How to Remove Reposts on TikTok, Instagram, and Twitter All at Once (2026)

One extension, three platforms — the fastest cross-platform repost cleanup workflow for desktop Chrome.

If you're doing a social media cleanup, you probably have reposts piling up on more than one platform. TikTok reposts on one tab, Instagram shares you can't easily track, retweets going back to 2018 on X. Dealing with each platform separately — with different tools, different workflows, different interfaces — is the norm. But it doesn't have to be.

Why Each Platform Has Its Own Repost Problem

TikTok — The repost feature launched in 2022. Before that, there was no native sharing mechanism. The repost tab is now public and visible on your profile. TikTok's native app: no batch removal, no filters, no undo. One tap per repost, mobile only.

Instagram — No native “repost” feature. Third-party apps like Repost for Instagram are what people use. These appear in your profile grid or Stories. Instagram's content management is slightly easier than TikTok's because your feed posts are organized by date, but there's still no filter for “show me only reposted content.”

X (Twitter) — Has had retweets since 2009. The average active user has hundreds or thousands going back years. X has no native “delete all retweets” feature. X's API changes in 2023 broke most third-party tools — the retweet cleanup space is currently fragmented.
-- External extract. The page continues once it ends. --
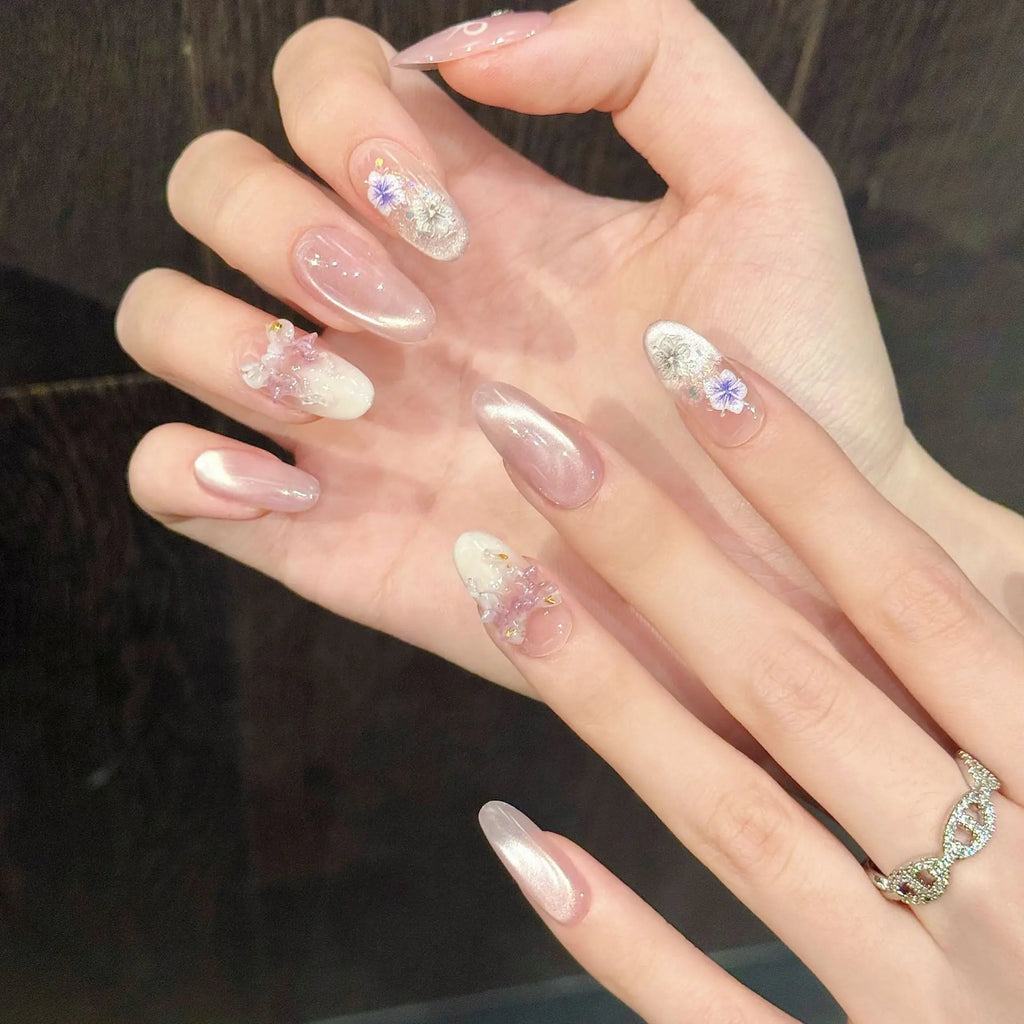 Pink Cat Eye Press On Nails | 3D Bow Korean False Nails 10pcs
RepostCleanup: Multi-Platform Support

RepostCleanup is a Chrome extension that supports repost removal across three platforms:

PlatformFeature
TikTokBulk remove all reposts automatically
InstagramBulk remove reposted content from profile
X (Twitter)Bulk delete retweets

The extension works by automating the same actions you'd take manually in the desktop browser — it simulates scrolling and clicking through TikTok.com, Instagram.com, and X.com. This approach is slower than API-based tools but doesn't require app permissions and isn't subject to platform API restrictions.
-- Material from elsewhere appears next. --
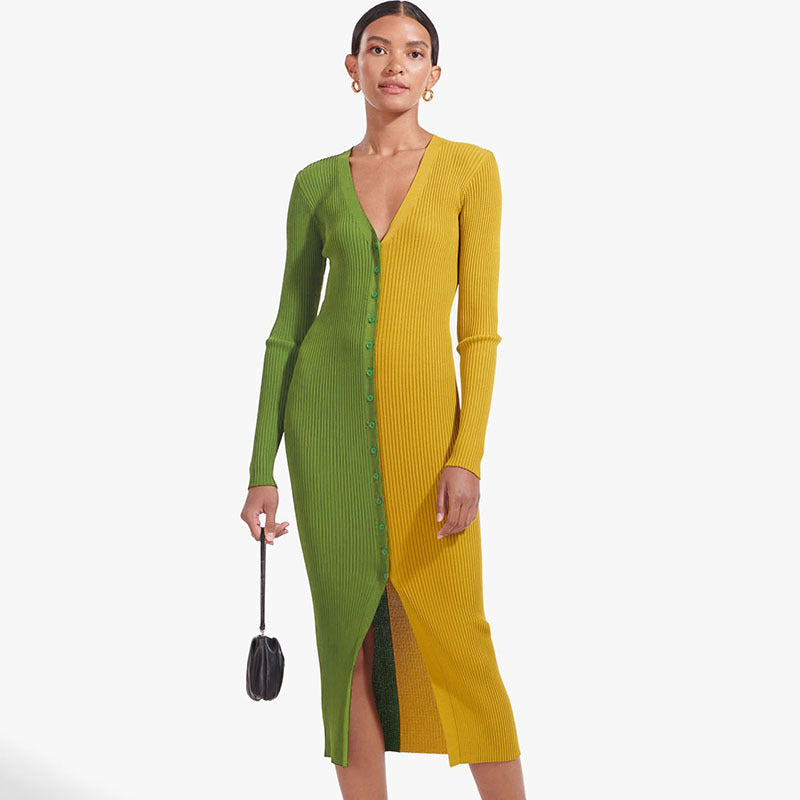 Plus size  Color Matching Buttoned Maxi Dress  dresses Thecurvestory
Cross-Platform Cleanup: Recommended Order

1. Start with TikTok — TikTok has the most visual repost tab and the cleanup progress is easy to monitor. Broken/grey reposts are also most obvious here, making it a good first pass.

2. Move to X (Twitter) — Retweets on X are often the largest backlog (users since 2010–2015 may have 5,000+). Start the X session next because it may take multiple sessions over multiple days due to rate limits.

3. Finish with Instagram — Instagram repost cleanup tends to be the smallest and fastest. If you used a dedicated repost app rather than posting manually, there may be fewer to remove than you expect.

Platform-Specific Notes

TikTok: Reposts are fully automated with RepostCleanup on desktop Chrome — 200–400+ per session, no TikTok API required. Full guide: How to Remove All Reposts on TikTok

Instagram: RepostCleanup identifies and removes reposted content from your grid. Archive (instead of delete) is an option if you want reversibility. Full guide: Instagram Repost Remover

X (Twitter): Retweets go back to account creation — large backlogs are common. X's rate limits mean sessions may need to be spread across multiple days for very large backlogs. Full guide: X (Twitter) Repost Remover

Who Needs Cross-Platform Cleanup?

One extension, three platforms

Install RepostCleanup once — run separate sessions for TikTok, Instagram, and X. No passwords stored, no API keys required.

Start Cross-Platform Cleanup — Free

Frequently Asked Questions

RepostCleanup handles TikTok, Instagram, and X (Twitter) reposts — but you run a separate session for each platform. True simultaneous cross-platform removal in one click doesn't exist because each platform requires a separate logged-in session.
No. The extension works through your existing logged-in browser sessions. You log into each platform in Chrome as you normally would, and the extension automates the removal actions within those sessions. It never asks for or stores your credentials.
Rough estimates for a moderate backlog: TikTok (500 reposts) — 1–2 hours. Instagram (100 reposts) — 20–30 minutes. X / Twitter (2,000 retweets) — 3–5 hours across multiple sessions due to rate limits. For very large X backlogs, spread sessions over several days.
Yes, but only one at a time. Open your profile on X → find a retweet → click the retweet icon to un-retweet. This is manageable for under 50 retweets. For larger backlogs, automation tools are the practical option.
No. Removing reposts, retweets, or shared content does not affect how any platform ranks or distributes your content. Reposts are a profile presentation feature, not an algorithmic signal.